» TASK REQUIREMENTS
The reply should contain every entry below exactly as written, with no images.

============================================================

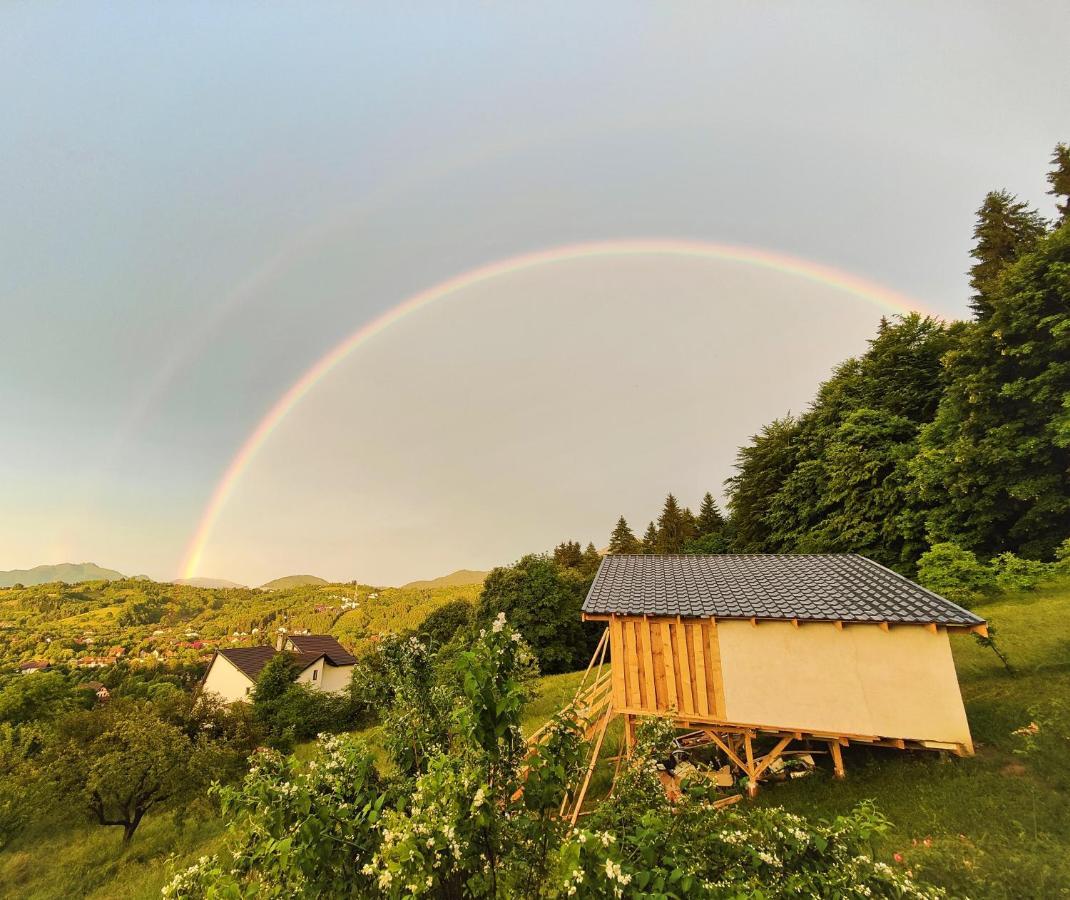 Rainbow Chalet Bran  Luaran gambar
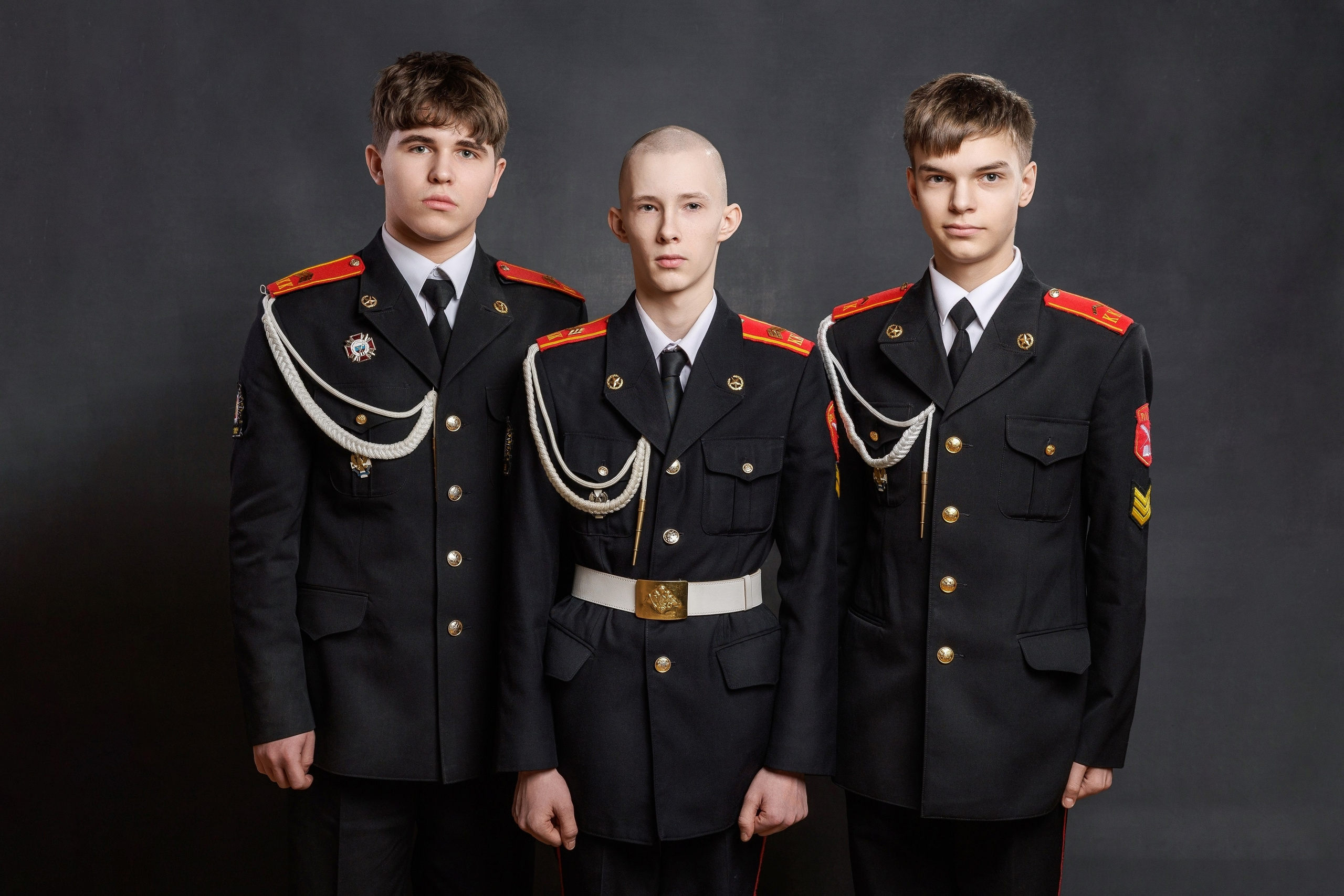 СТАРШАЯ ШКОЛА. Выпускные альбомы, школьные фотографии, детский сад, Москва и Московская область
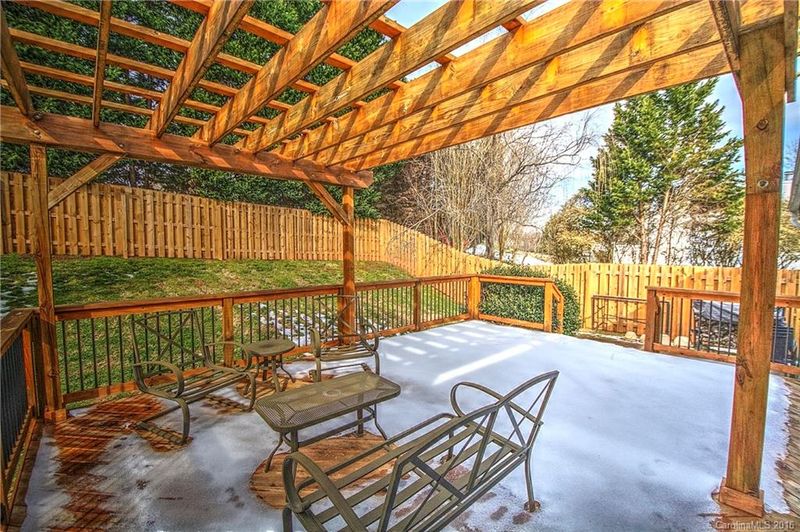 8529 Lockerbie Ln, Charlotte, NC 28215
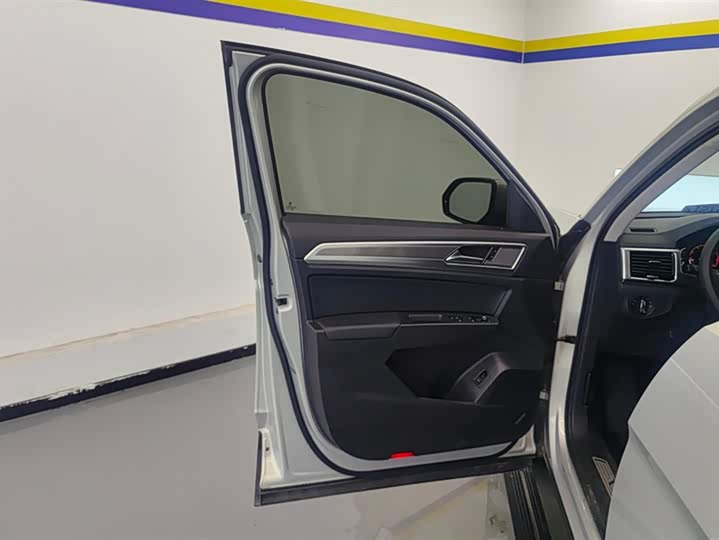 Фото 7 - Volkswagen Teramont Pro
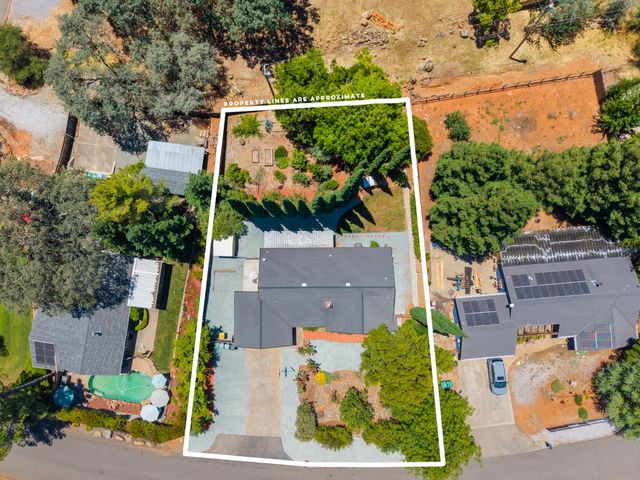 2586 Dudley Dr, Rescue, CA 95672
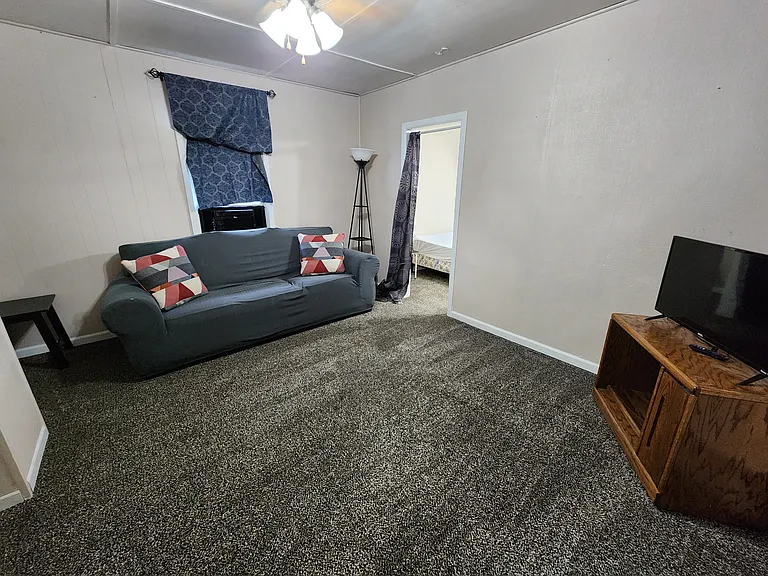 505 S 10th St #1 — Photo 10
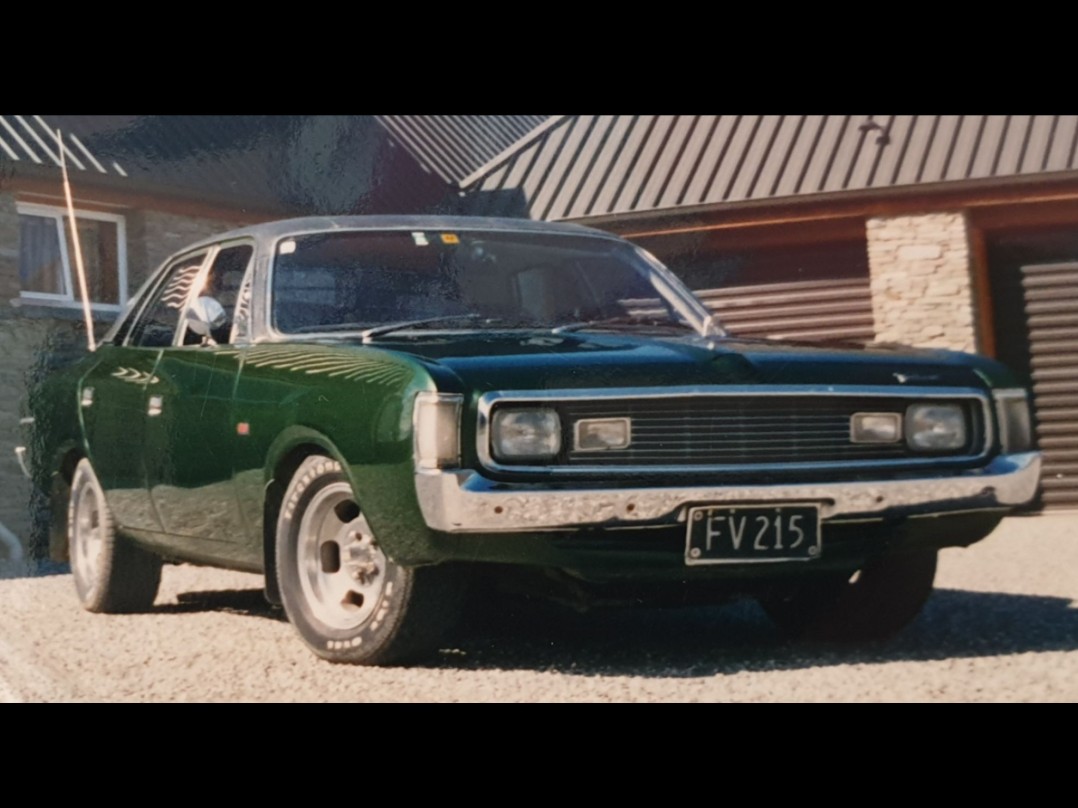 1971 Chrysler Valiant Regal V8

============================================================

» TASK OUTPUT
 Rainbow Chalet Bran  Luaran gambar
 СТАРШАЯ ШКОЛА. Выпускные альбомы, школьные фотографии, детский сад, Москва и Московская область
 8529 Lockerbie Ln, Charlotte, NC 28215
 Фото 7 - Volkswagen Teramont Pro
 2586 Dudley Dr, Rescue, CA 95672
 505 S 10th St #1 — Photo 10
 1971 Chrysler Valiant Regal V8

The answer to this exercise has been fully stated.